Calamandrei ispira i contemporanei dunque, ma, al tempo stesso, fa risuonare  la visione ed il lirismo di un altro gigante, Aldo Moro, che nel 1958 scrisse una pagina di straordinaria bellezza in premessa alla norma che introduceva l’educazione civica nella scuola.

“… L’educazione civica si propone di soddisfare l’esigenza che tra Scuola e Vita si creino rapporti di mutua collaborazione….  La Scuola a buon diritto si pone come coscienza dei valori spirituali da trasmettere e da promuovere, tra i quali acquistano rilievo quelli sociali, che essa deve accogliere nel suo dominio culturale e critico…. ”

Da qui in poi il florilegio di idee, di visioni, di emozioni:

“… Se ben si osservi l’espressione «educazione civica» con il primo termine «educazione» si immedesima con il fine della scuola e col secondo «civica» si proietta verso la vita sociale, giuridica, politica, verso cioè i principi che reggono la collettività e le forme nelle quali essa si concreta….”

La cittadinanza, sembra ammonirci Moro, è effetto primario di apprendimento.

Il passo successivo rasenta la perfezione ed è una investitura:

“ …. Se pure è vero che ogni insegnante prima di essere docente della sua materia ha da essere eccitatore di moti di coscienza morale e sociale; se pure é vero, quindi, che l’educazione civica ha da essere presente in ogni insegnamento, l’opportunità evidente di una sintesi organica consiglia di dare ad essa quadro didattico, e perciò di indicare orario e programmi, e induce a designare per questo specifico compito il docente di storia. È la storia infatti che ha dialogo più naturale, e perciò più diretto, con l’educazione civica, essendo a questa concentrica. Oggi i problemi economici, sociali, giuridici non sono più considerati materie di specialisti, in margine quindi a quella finora ritenuta la grande storia. L’aspetto più umano della storia, quello del travaglio di tante genti per conquistare condizioni di vita e statuti degni della persona umana, offre, quindi, lo spunto più diretto ed efficace per la trattazione dei temi di educazione civica …”.

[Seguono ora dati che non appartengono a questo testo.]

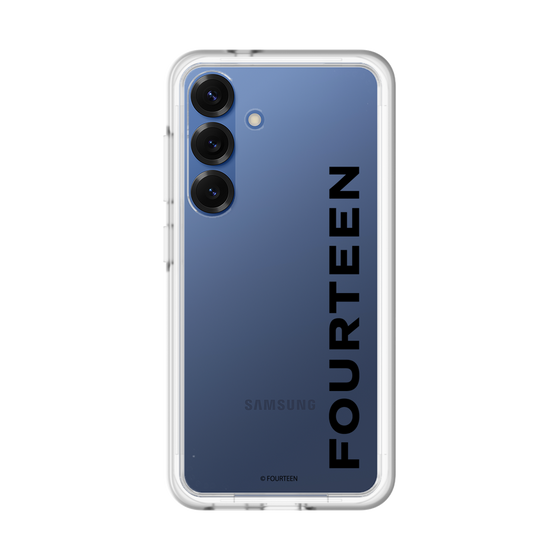 スリムプロテクションプレミアムケース［ フォーティーン - フォーティーンロゴ - クリア ］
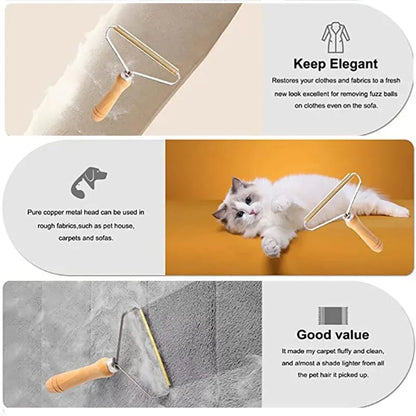 Portable Lint Remover Pet Hair Remover Brush Carpet Wool Coat Clothes Lint Pellet Manual Shaver Removal Scraper Cleaning Tool Leedoar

In queste righe registro la profondità di un uomo che pur tecnico, fugge il tecnicismo di una materia e la consegna ad un divulgatore, ad un professionista che sincronicamente e diacronicamente stabilisce parallelismi e divergenze con la realtà.

E’ stato disatteso questo principio nella nuova norma o non è stata colta la necessità di sussumere su un piano più alto tutti i contenuti tecnologici e normativi. Ad esempio credo che il tema della cittadinanza digitale debba uscire dal pregiudizio e dal ghetto tecnologico e debba assumere una valenza antropologico-culturale, intesa come dotazione umana facilitante la trasformazione consapevole della realtà. Lasciare che la cittadinanza digitale rimanga materia di soli tecnici, rischia di svilire il senso e la portata della nuova rivoluzione culturale.

Precisa Moro:

“… l’impegno educativo non può essere assolto con retorica moralistica, che si diffonda in ammonizione, divieti, censure; la lucidità dell’educatore rischiari le eclissi del giudizio morale dell’alunno, e si adoperi a mutare segno a impulsi asociali, nei quali è pur sempre un potenziale di energia. Conviene al fine dell’educazione civica mostrare all’allievo il libero confluire di volontà individuali nell’operare collettivo. Se non tutte le manifestazioni della vita sociale hanno presa su di lui, ce n’è di quelle che però ne stimolano vivamente l’interesse. Il lavoro di squadra, per esempio, ha forte attrattiva in questa età, onde l’organizzazione di «gruppi di lavoro» per inchieste e ricerche d’ambiente soddisfa il desiderio di vedere in atto il moltiplicarsi della propria azione nel convergere di intenzioni e di sforzi comuni, e svela aspetti reali della vita umana”.

Come non rimanere basiti dalla potenza ipnotica di queste parole?

Chiamata a ricostruire l’iter normativo dell’educazione civica mi sono abbandonata ad una lettura suggestiva ed ho voluto riproporla a modo mio. Due giganti del passato mi hanno accompagnato ad attraversare l’evoluzione normativa che, pur tra mille distinguo, rimanda ai principi fondativi della comunità italica che non possono essere musealmente esposti ma devono tornare a vivere nell’agito quotidiano.